We got behind a military convoy. We are so thankful for the men and women who serve our country! They can take up all the road they need; you will hear no complaints from us. Just kidding, they were in the process of passing us when I snapped the picture.

The first thing we noticed as we crossed the state line was that it immediately went from cattle ranches back to farms; back to corn, wheat, and soybean.

We stopped in Bowman and Grazers Burgers was the highest rated place in the small town. So burgers it was. When I saw that the Green Cow was a North Dakota “tradition” on the menu, I knew what I had to order. It was good, if you like green olives, and I do.

The wheat fields went on and on. I’m not sure if this is amber waves of grain or not but it was pretty. And yes, if you follow us on Instagram, this is where the boys and I trespassed to get closer to the wheat. Those of you who know me, know I’m a rule follower. So this was very hard for me but I couldn’t help but get a closer picture. Not trying to downplay my lawbreaking….but….there was a road between the two fields, we stayed on the road, we never got in the field, we didn’t damage even one piece of grain, and we were in and out in a flash. If you are the owner of this field in North Dakota, I would like to sincerely apologize for blatantly ignoring your no trespassing sign and for being a poor example for my children. You’re fields are beautiful. Keep up the good hard work. Ok, now that I have that off my chest. I feel so much better.

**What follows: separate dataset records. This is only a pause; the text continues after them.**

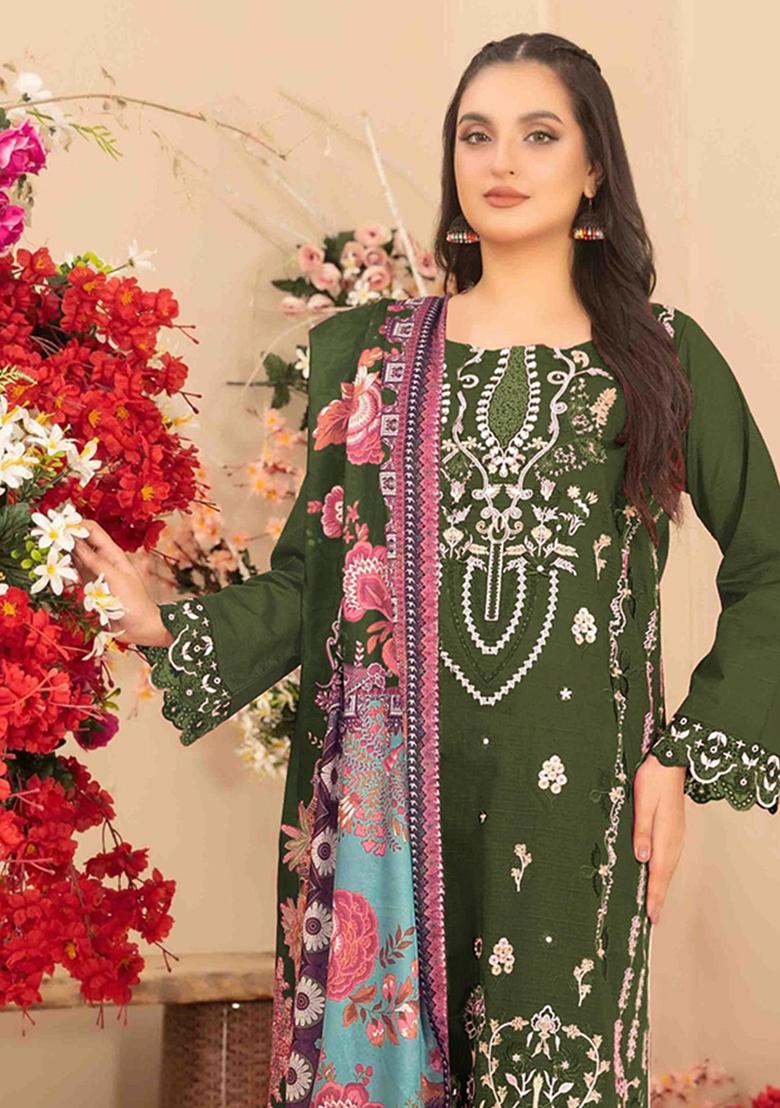 Mehendi Embroidery cambric Salwar Suit - Indya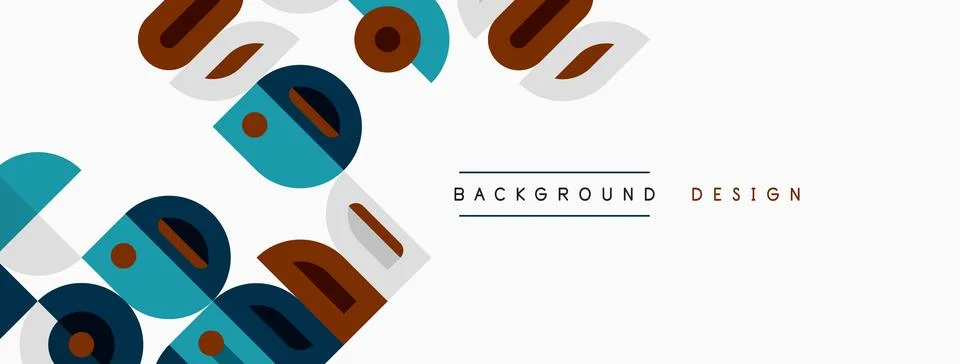 Abstract geometric shapes overlap, creating modern background. Colors include Stock Illustration
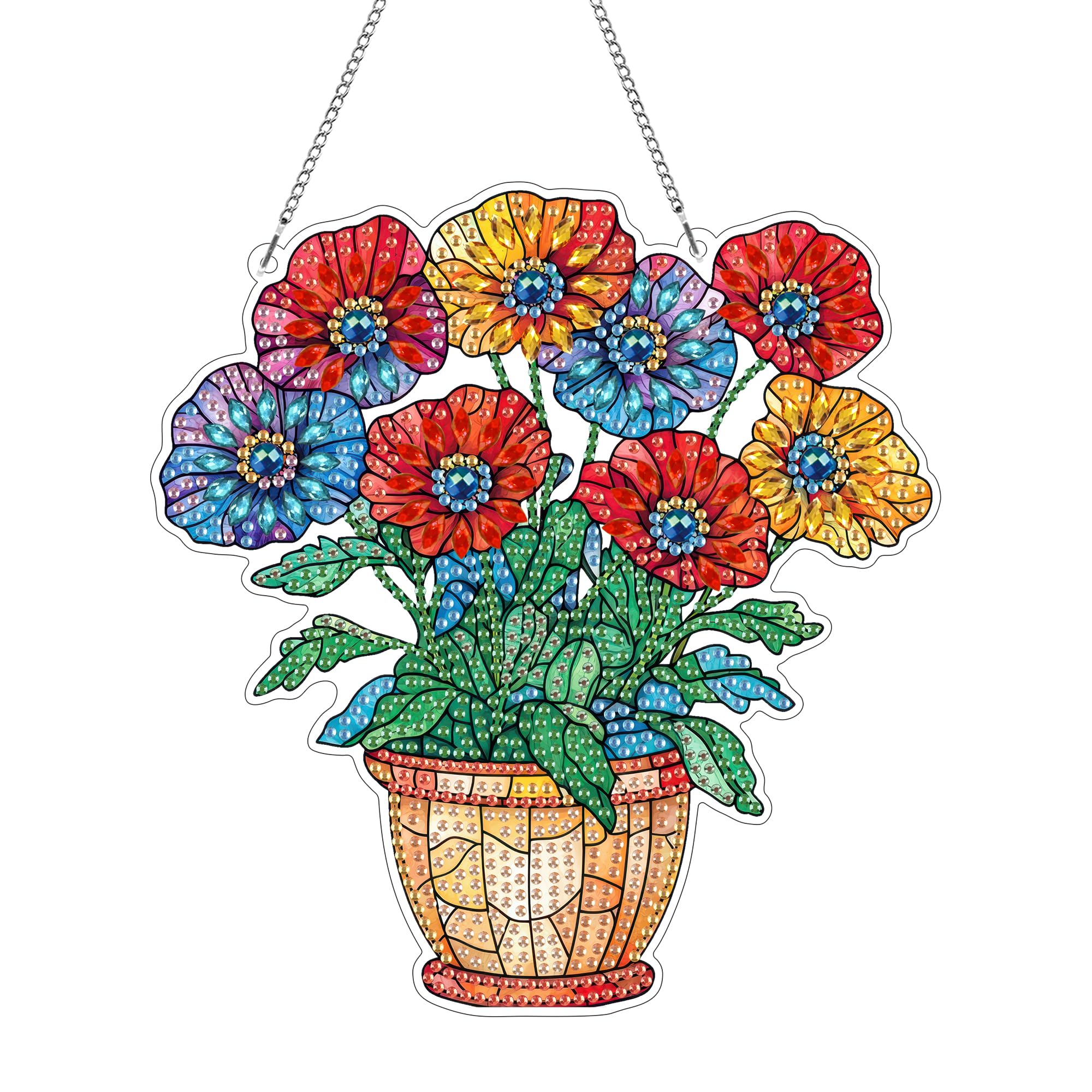 Hoobee Blume Diamond Painting Anhänger, Blume Diamond Painting Fensterbilder, 5D Diamant Painting mit Kette, Wandbehang Kits-Für Zuhause Wanddekoration Und Eingang Dekoration 20x20cm(Blume)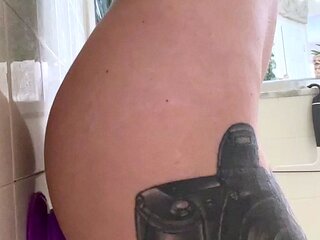 Stacked brunette goes solo toys and masturbation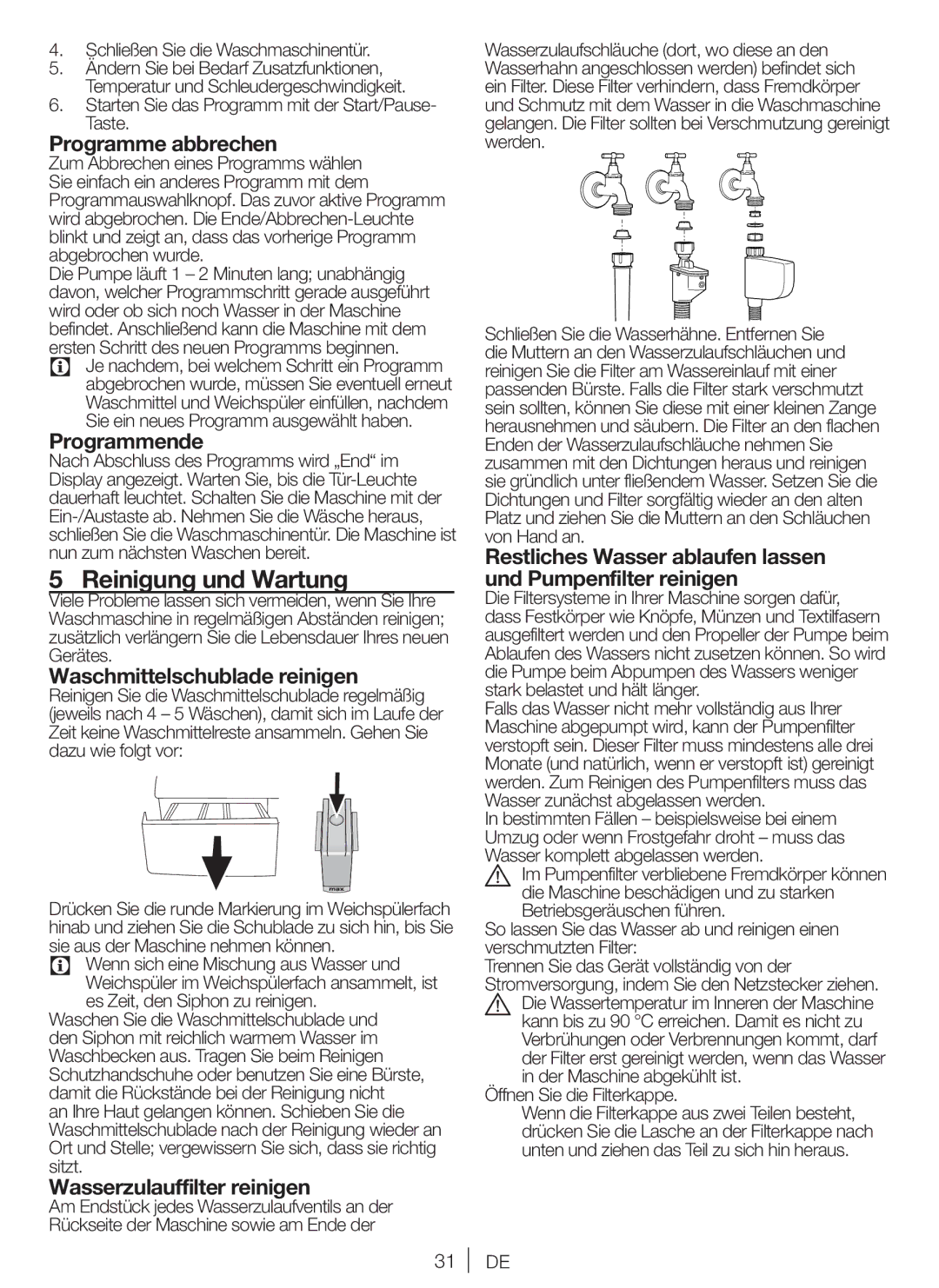 Blomberg WNF 7321 AE20, WNF 7341 AE20, WNF 7361 AE20, WNF 7301 WE20 user manual Reinigung und Wartung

Tucker called them the bread fields. All he could think about was eating some bread. What can I say, boy takes after his momma when it comes to a love affair with carbs.

It’s hard to tell in this picture but you are looking at acres of beautiful sunflower fields.

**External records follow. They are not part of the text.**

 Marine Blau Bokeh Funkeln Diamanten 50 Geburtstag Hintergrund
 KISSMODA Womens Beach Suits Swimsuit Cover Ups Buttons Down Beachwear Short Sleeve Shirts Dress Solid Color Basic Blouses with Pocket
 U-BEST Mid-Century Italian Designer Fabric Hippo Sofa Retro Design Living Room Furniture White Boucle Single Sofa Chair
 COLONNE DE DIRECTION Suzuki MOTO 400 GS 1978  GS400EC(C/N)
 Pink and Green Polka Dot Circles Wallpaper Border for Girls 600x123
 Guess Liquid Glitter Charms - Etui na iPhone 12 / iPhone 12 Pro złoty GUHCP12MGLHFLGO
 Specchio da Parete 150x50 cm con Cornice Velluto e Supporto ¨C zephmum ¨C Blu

And there it is, the sign for our destination; Theodore Roosevelt National Park. Since Roosevelt was the first conservationist president, the National Park Service has tried to keep this land untouched as much as possible for a national park.

Roosevelt, whose first wife died during childbirth and his mother died from typhoid on the same day in the same house, came to this area to mourn and heal. He said this land had a desolate beauty. I would wholeheartedly agreed with that sentiment.

I forgot to mentioned, before we turned into the park we saw “Roosevelt” speaking in town.

Now, back to the park. Mason is touching bison hair in the Visitor Center museum.

Of course, we came across a herd of buffalo and this guy was HUGE. The pictures are frustrating me. You just can’t tell the scale in them. I’m sorry I’m not a photographer. I wish you could just be here and see and smell and hear.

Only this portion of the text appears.